A huge effort under the counter-terror initiative called Prevent was launched after five young men travelled to Syria from Portsmouth calling themselves the Britani Brigade Bangladeshi Bad Boys in 2013.
Four have died fighting for Isil and one was jailed for terrorism offences.
Supt Schofield said: ‘It’s not common but there’s been a couple of good examples where that (stopping youngsters becoming radicalised)happened in the last year.
‘This is about young people who don’t come into contact with the police very often.’
He added the bulk of work is about engaging with young people instead of taking enforcement action.
‘Ninety-nine per cent of this work is not saying “you have got extreme views”,’ he said. ‘People have come to us, or indeed their community leader, and we’ve had a really good dialogue. They’ve been worried about a young person, we’ve engaged with them and it hasn’t ended in enforcement action.’
But Supt Schofield said the force is not complacent and will take action if it is needed.
Officers have visited schools and colleges, and put on sports events to reach people.
And he said it is not straightforward encouraging people to come forward.
Portsmouth South MP Mike Hancock said he wants to see more officers drawn from the Muslim community.
Mr Hancock said: ‘A lot of the officers dealing with this are not first-hand witnesses of what it’s like to be brought up in an Islamic family.
‘They are always looking in.
‘It would be a lot better that they came from that background, both men and women.’
Abu-Suyeb Tanzam, attends the Jami Mosque in Southsea. He said: ‘We can try our best to deliver this message.
‘I hope it’s going to work but it can’t be guaranteed.’
City council leader Cllr Donna Jones said people had reported concerns about two or three people to her.
She added: ‘We need to be strong, we need to send a clear message. If you travel to fight abroad, you forfeit your citizenship. They need to know there are substantial and severe punishments.’
Muhammad Mehdi Hassan, 19, a former pupil at St John’s College in Southsea, Manunur Roshid, 24, of Buckland, Muhammad Rahman, a 25-year-old former Primark worker and Ifthekar Jaman, 23, all died fighting in Syria.
City is ‘not a high-profile target’ – top officer
PORTSMOUTH is no more a target of a terrorist attack than any other city in Europe, Portsmouth’s top police officer has said.

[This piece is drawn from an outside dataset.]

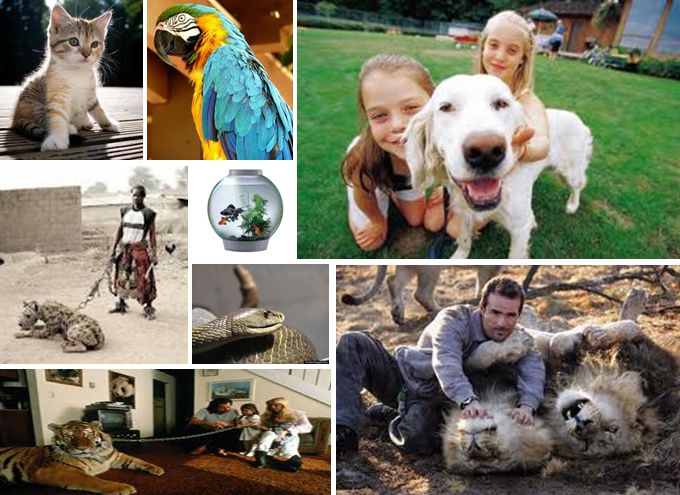 Pet keeping Hobby ~ Hobby Shobbys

Superintendent Will Schofield’s comments come after Meon Valley MP George Hollingberry said it is likely that security services would put more attention on Portsmouth in the wake of the Charlie Hebdo attacks in Paris.
Supt Schofield said: ‘I don’t think we’re a high-profile target in any way.
‘Nothing would suggest we are.
‘That’s not to say we would become complacent.’
Right-wing poses threat
POLITICIANS have warned that extreme right-wing groups could pose a bigger threat than Islamic groups.
Portsmouth South MP Mike Hancock said he feared if groups on the far right were better organised they could be more damaging.
Talking about Islamic extremism he said: ‘I don’t think their radicalism would be anything like right-wing groups if they really got themselves organised.’
Police have said their role is to allow all groups to protest if necessary. The English Defence League protested outside the Jami Mosque and Madani Academy in October.
City council leader Donna Jones added: ‘It tends to be a reaction.